Data segment
"""

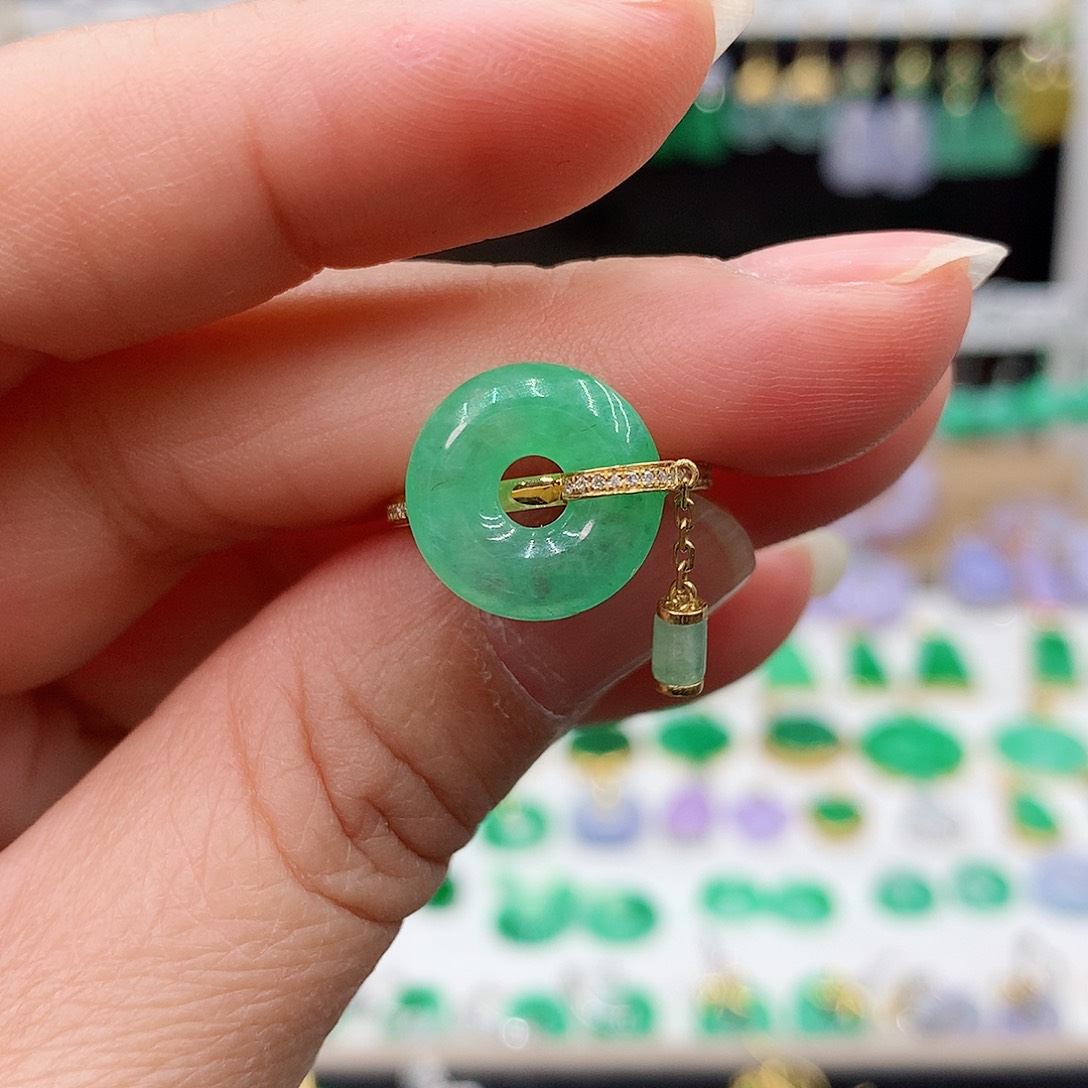 翡翠戒指18K金镶嵌的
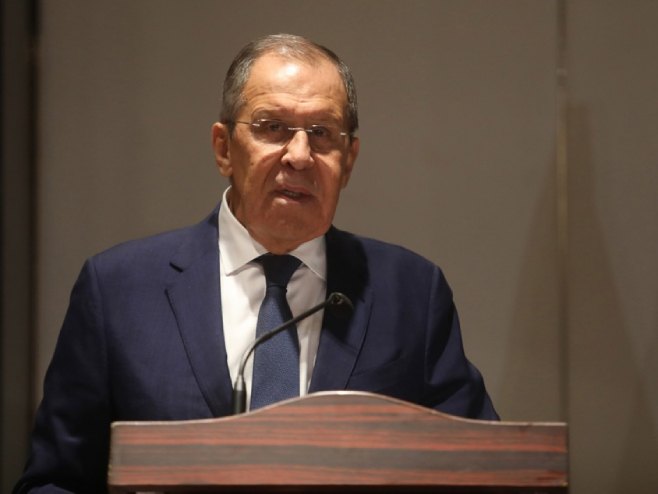 Sergej Lavrov (foto: EPA-EFE/MONIRUL ALAM) - 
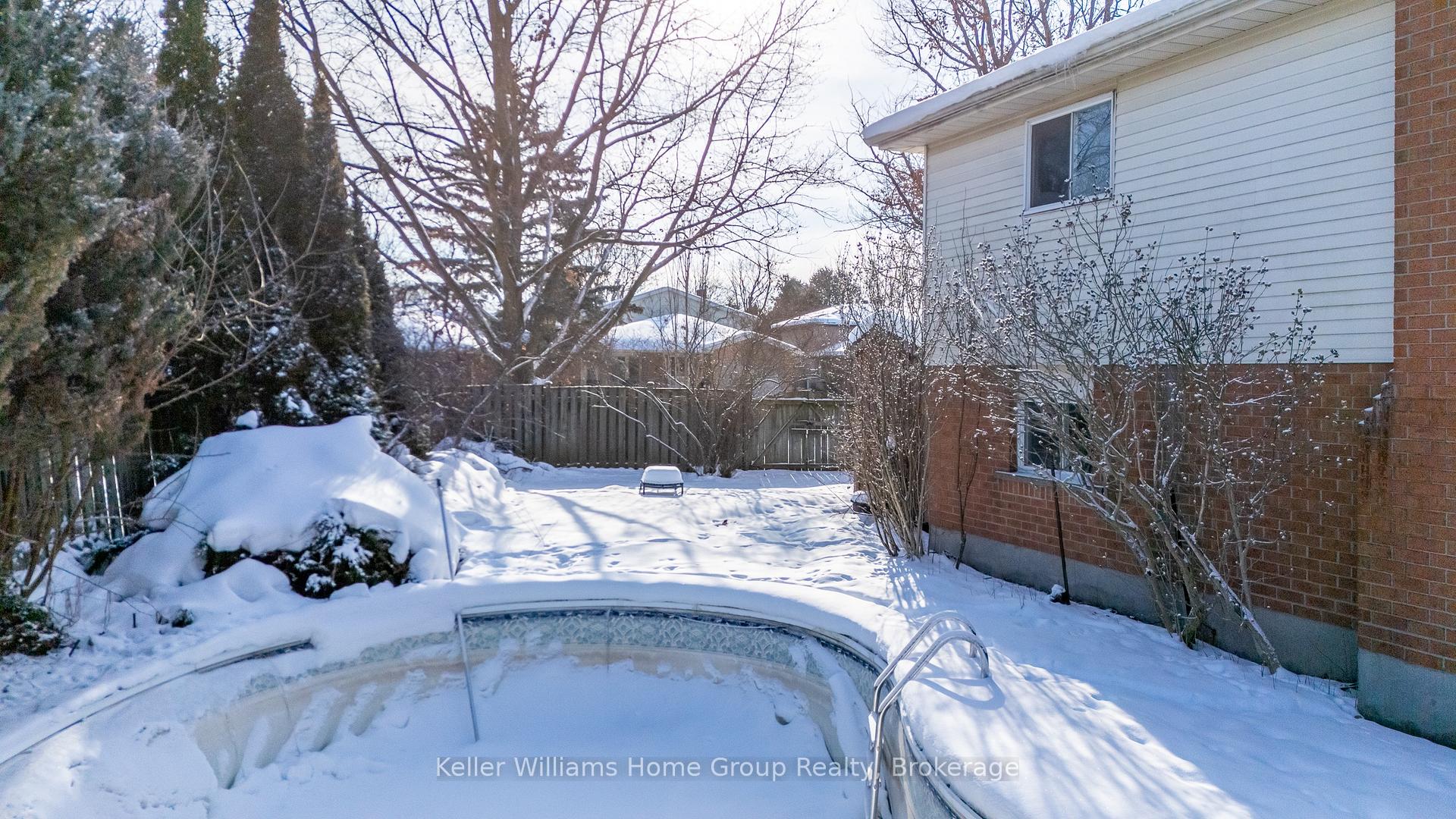 Photo 32 of 476 Scotchmere Court, Waterloo — HOMEH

"""

Exercise brief
Any picture in the listing is to be omitted. Return exactly the lines from the one containing "Sergej Lavrov (foto: EPA-EFE/MONIRUL" through its last line, both included, and only those.

Answer section
 Sergej Lavrov (foto: EPA-EFE/MONIRUL ALAM) - 
 Photo 32 of 476 Scotchmere Court, Waterloo — HOMEH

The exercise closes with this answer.